Because it made sense. I'll share it with you when I have time to digest it, make sense of it, and comment on it.
God's had me on this journey towards freedom over the years, slowly challenging my thought processes and baggage I was raised in, and transforming me.
i still don't get why he's chosen to do it in this environment of unrelenting pain in a relationship....
It's been a journey. It still is.
For some reason totally unknown to me, He's chosen to challenge my reaction to homosexuals - specifically lesbians. To bring me into contact with parents whose children have gone that way, with lesbians themselves. To show me them as people. Wonderful people. Loved people.
God did not love me any more than them. Or any less.
To show me them as people with feelings. Valid feelings, like I have. Mothers who love their children and worry about them. People in abusive relationships with pain. People who care for and protect others. To see my friend fight for and lovingly care for vulnerable older people with tenderness would warm your heart, too. People with a great sense of humor.
My one friend and I want to join the TV show, "The Amazing Race". We want to bill our team as "The Missionary and the Lesbian". :)
I'm blessed to have these friendships, especially in the environment of nursing. Sorry to all of you married to nurses and haven't realized this yet, but we talk to each other. About almost anything. I've come to the conclusion that it is a side effect of the fact that no topic is ever off limits for us in our daily jobs, so we get used to that.
I've been given the chance with my two friends (both married, but not to each other, to other women.) to be able to ask questions. Because I am a friend. Just as they may ask questions about me. I can ask what they like to be called. What offends them. When they made the decision to have children, and how that all worked. How they planned their wedding. What difficulties exist for them. How their relationships work.
I didn't get that chance by barraging them with questions, but by working alongside of them as friends. By sharing my life with them. By simply being friends.
And I pray. Not only for them, but for me. For understanding. For love. But they are easy to love. I want to be able to understand, to be able to have answers within myself first so I even know how to pray.
I hurt for them. Both of them previously married to men, to extremely abusive men, who they left. After they left, they "realized that they were lesbians" and came out, developed relationships with other women, and married them.
In some ways, I understand them.
I also realize that my two friends did not make a decision to be lesbian out of a sheer hate of God's laws and a desire to thumb their nose at God.
They made that decision out of prolonged, deep personal pain.

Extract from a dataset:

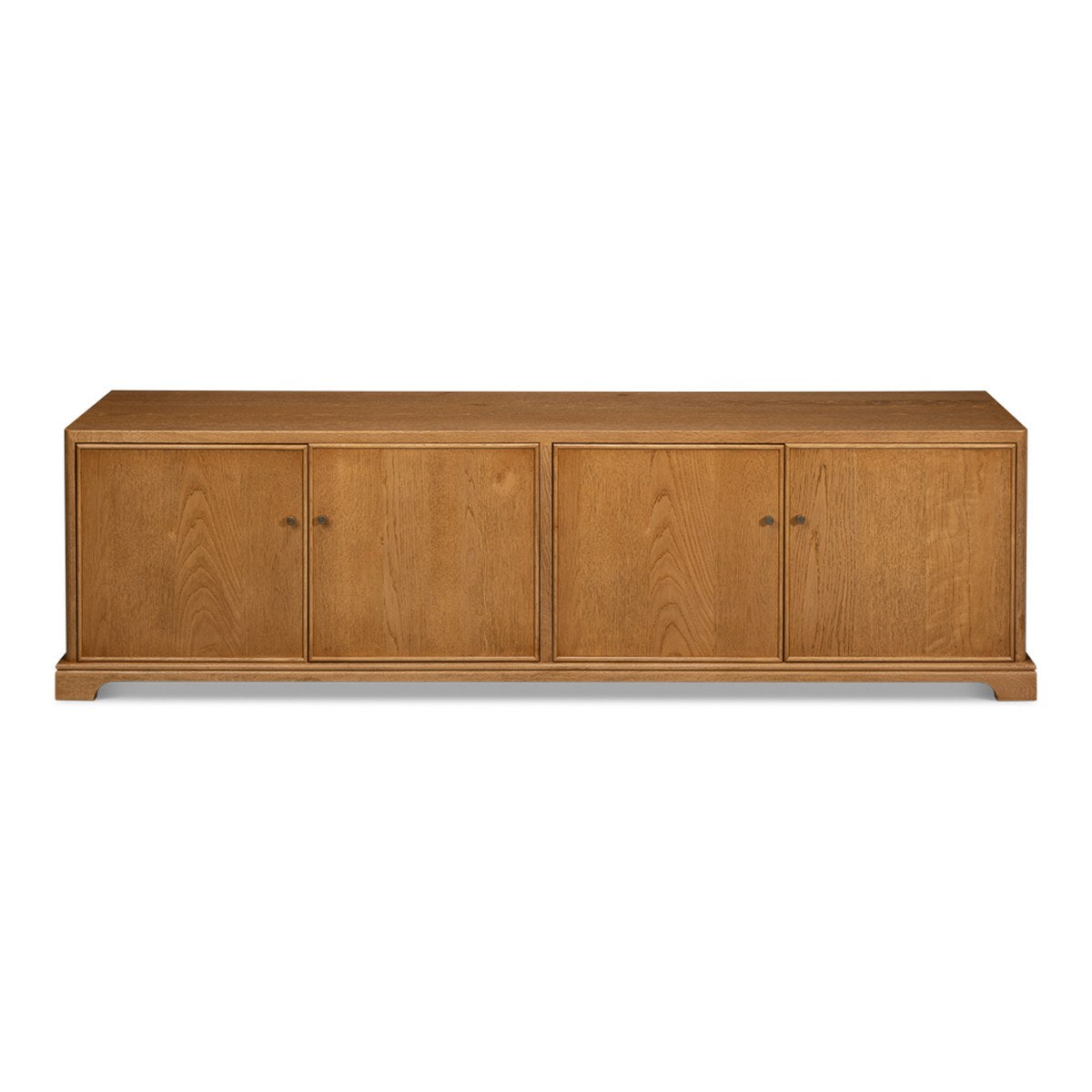 Belgrave Media Console - Tan front view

And I am not going to add to their pain by harshly judging them.
I will say, just so you all are clear, that I am not re-thinking my faith to the point that I say homosexuality is not wrong. It is wrong. Just like anger, greed, immorality, and stealing are wrong.

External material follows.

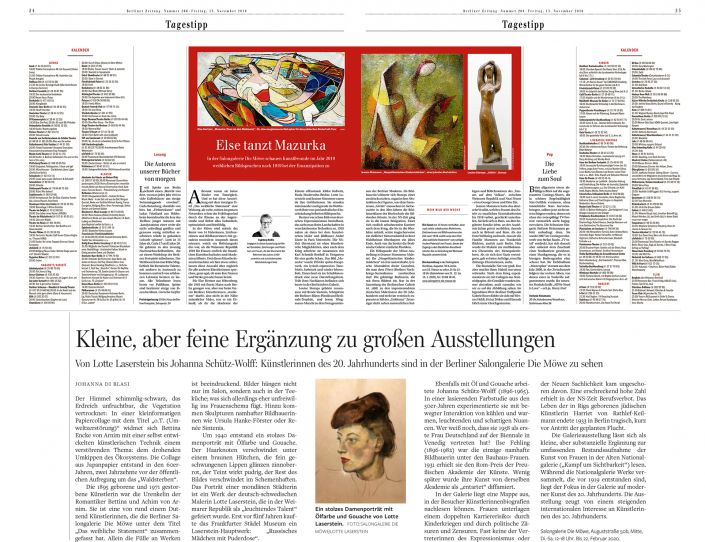 Article in the Berliner Zeitung of 10/27/2016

But I will not judge them in hate. I will not say that they must hate God because what they are doing. I don't believe they do. One has a belief in God and a desire to know Him. She is sinning. But so are my other colleagues who are out drinking and partying on the weekend and sleeping around. God doesn't make distinctions between sinners.

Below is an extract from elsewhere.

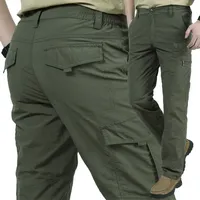 Мужчины легкие дышащие быстрые сухие брюки Летние случайный стиль армии брюки тактические грузовые брюки водонепроницаемые брюки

I want to understand their hearts, and what it is in any of us - because they are like us - that could cause us to make that decision. And, more importantly, what do they need to know about God that will allow them to begin to seek Him.
This article I read was the first one that spoke to those questions. That allowed me to think and say, "yes, this makes sense." I'll share it with you when I've re-read it and thought it through.
In the meantime, if I could speak to the church, I would want to say, "Love the next gay or lesbian person you meet. Smile at them. Defend their rights, protect them from harm. Get to know them - honestly, not from a superior attitude. You might surprise yourself and learn to love them. Jesus does."
I sometimes wonder if we as a church are more responsible for the over-the-top in-your-face attitude of some gays than we are willing to consider. If anyone lives in a culture of fear and hate for an extended period of time, it is going to have an effect on how they act. And all this crass display may just be a cry of pain of being so rejected so long that they're angry and hurt, and now they lash out in that and "get in our faces".
I know what that feels like - to want to lash out because I am tired of being judged and hurt.
What if we loved instead?
1 comment:
it has to be love...cuz hate is not working.